En chemin, les deux garçons croisent la route de deux policiers. Ils reprochent à Takeru de ne pas être au lycée. Après un violent accrochage avec eux, les deux adolescents entrent en classe. Les deux policiers arrivent alors pour donner des cours : construction pour les garçons et arts ménagers pour les filles.
Sur le chantier, arrive alors une petite fille mendiante qui s’évanouit. Sa mère vient alors la chercher mais les policiers reprochent à la femme de ne pas payer ses impôts, ce qui énerve au plus haut point Takeru. Sans contrôle de son bras, il décapite les deux policiers. Il serait un Takigôsha : membre de la garde rapprochée de la Gouverneur. Il est alors poursuivi par Fujimari, maire de Hachiôji qui souhaite le contraindre à le suivre pour l’emmener chez la dictatrice…

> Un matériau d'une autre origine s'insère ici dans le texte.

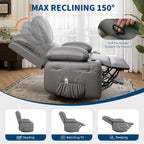 Garvee Oversized Swivel Rocker Recliner Chair - Heat and Massage, Leather Manual Recliner for Adults, Lazy Chair with Cup Holders, Comfort Arms and Back Single Sofa for Living Room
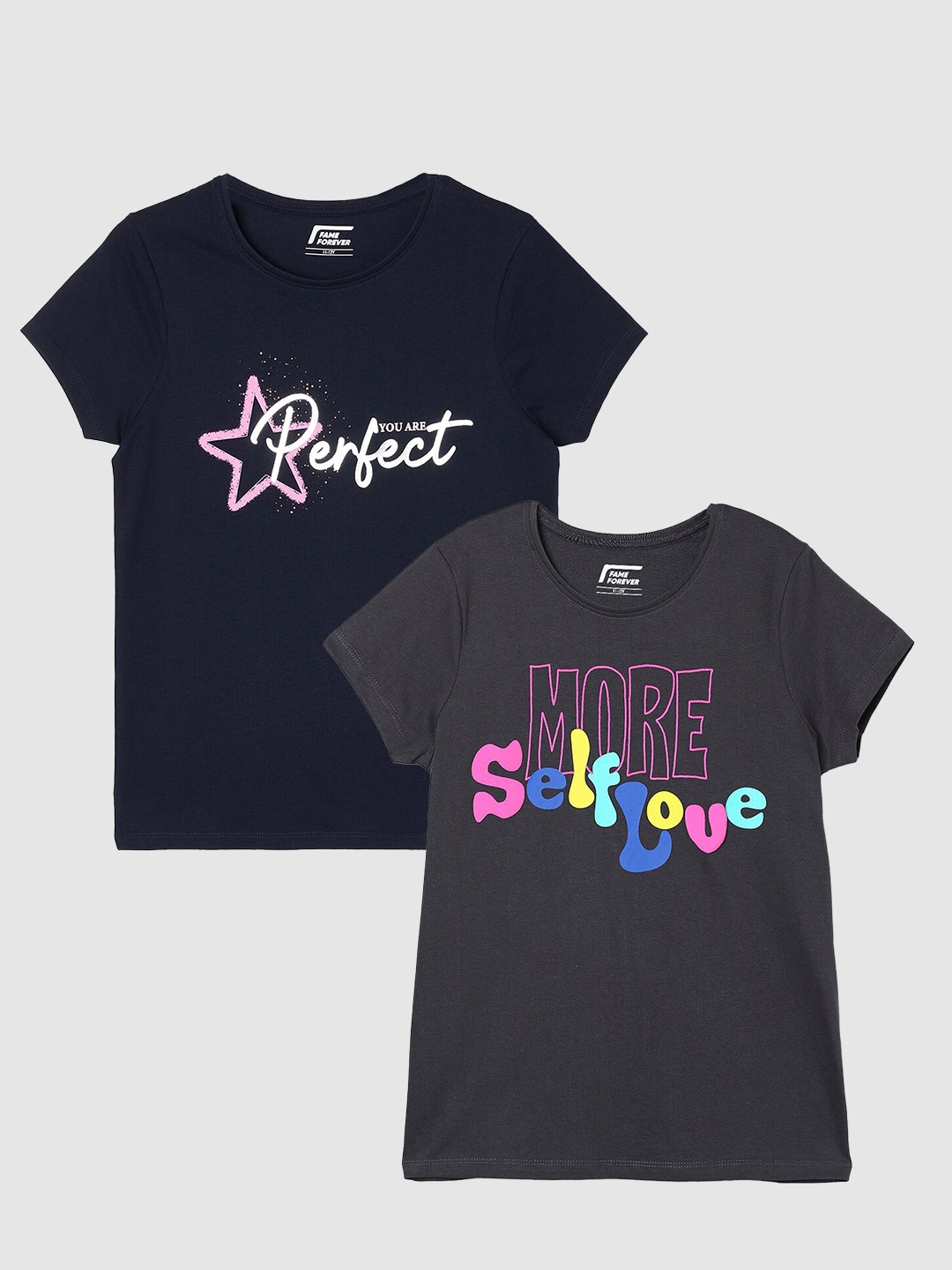 

Fame Forever by Lifestyle Girls Pack Of 2 Printed Cotton T-Shirts, Navy blue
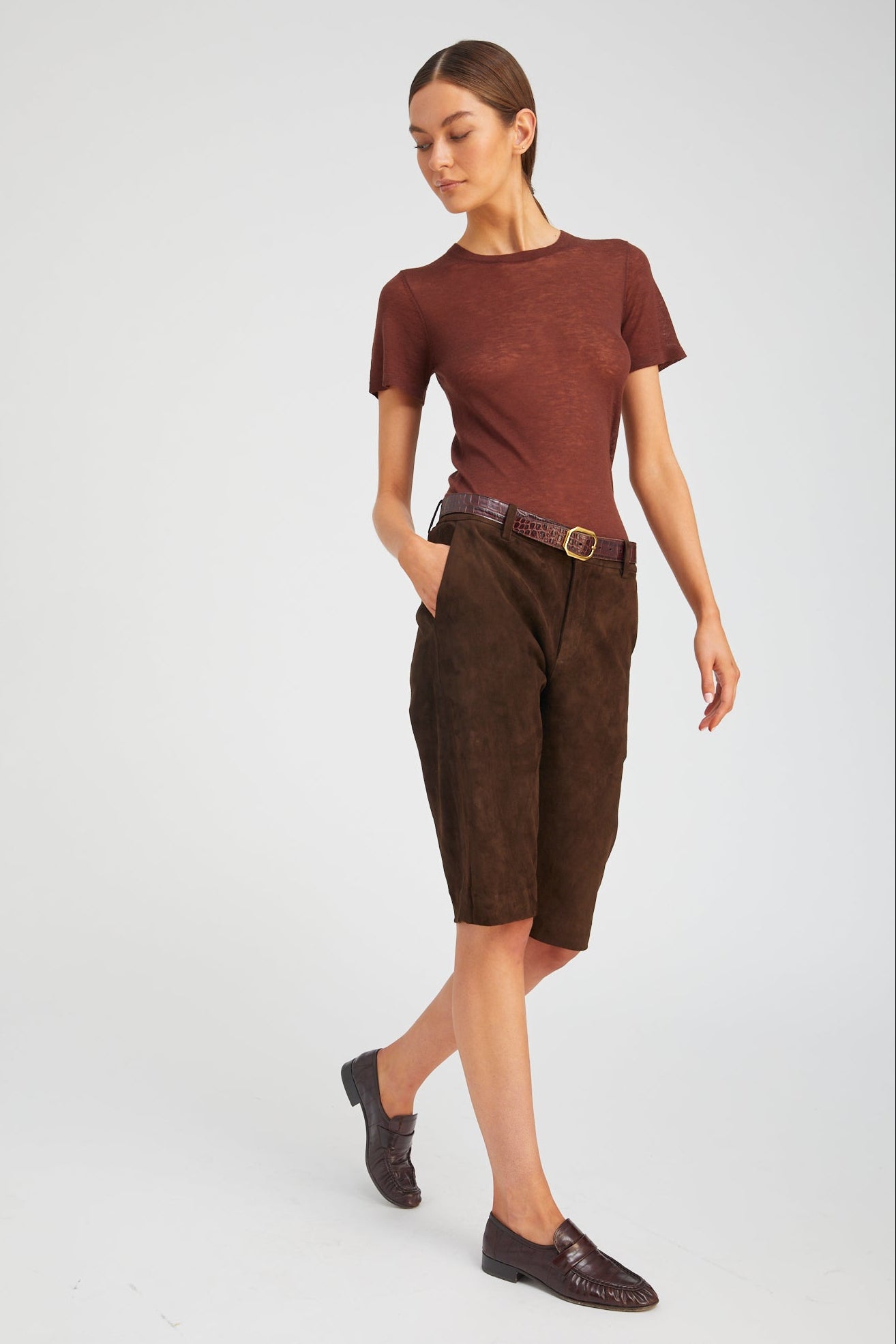 Americano Suede Bermuda Trouser Shorts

Seven est un excellent seinen d’action fantastique, publié depuis 2012 au Japon. Avec 5 volumes déjà édités (série achevée), il est prépublié dans la magazine Weekly Young Jump. Le récit de Kuroko Yabuguchi est une agréable surprise. Si le titre fait référence au célèbre conte, le lecteur oubli vite cet aspect. En effet, cette allusion semble encore très secrète. Peut être que l’on comprendra mieux dans les prochains tomes. Même si une petite fille prénommée Blanche-Neige semble être une personnage central du manga. L’histoire alterne les scènes de bagarre et d’action, ainsi que les pouvoirs magiques. Takeru, jeune garçon amnésique au bras surpuissant (Takigôsha) est un adolescent naïf et parfois gaffeur, ce qui apporte beaucoup de fraîcheur et d’humour au récit. Si la quête d’un seul homme contre une grande puissance obscure n’est pas nouvelle en bande dessinée, ici, le personnage et l’intrigue permettent d’entrevoir une très belle suite. Les habitants sont soumis au diktat de cette gouverneur et sont obligés de vivre dans des conditions difficiles, comme dans les véritables dictatures. Ils ne peuvent d’ailleurs pas se rebeller tant le pouvoir les accable. Si l’Office Métropolitain a joué les sauveurs après la catastrophe (pour l’instant très secrète), il deviendra en moins de deux ans, un objet aux mains du pouvoir central pour l’imposer à tous. L’intrigue, les décors et les personnages sont bien posés dans ce premier tome, nous en savons assez pour comprendre le mécanisme de ce Tokyo futuriste et il reste des pans entiers de mystères pour nous donner envie de lire les prochains volumes. Le trait du mangaka est efficace et d’une grande lisibilité.Seven : un démarrage sur les chapeaux de roue pour ce seinen d’une grande efficacité. Case Départ attend la suite avec impatience. Un très bon titre !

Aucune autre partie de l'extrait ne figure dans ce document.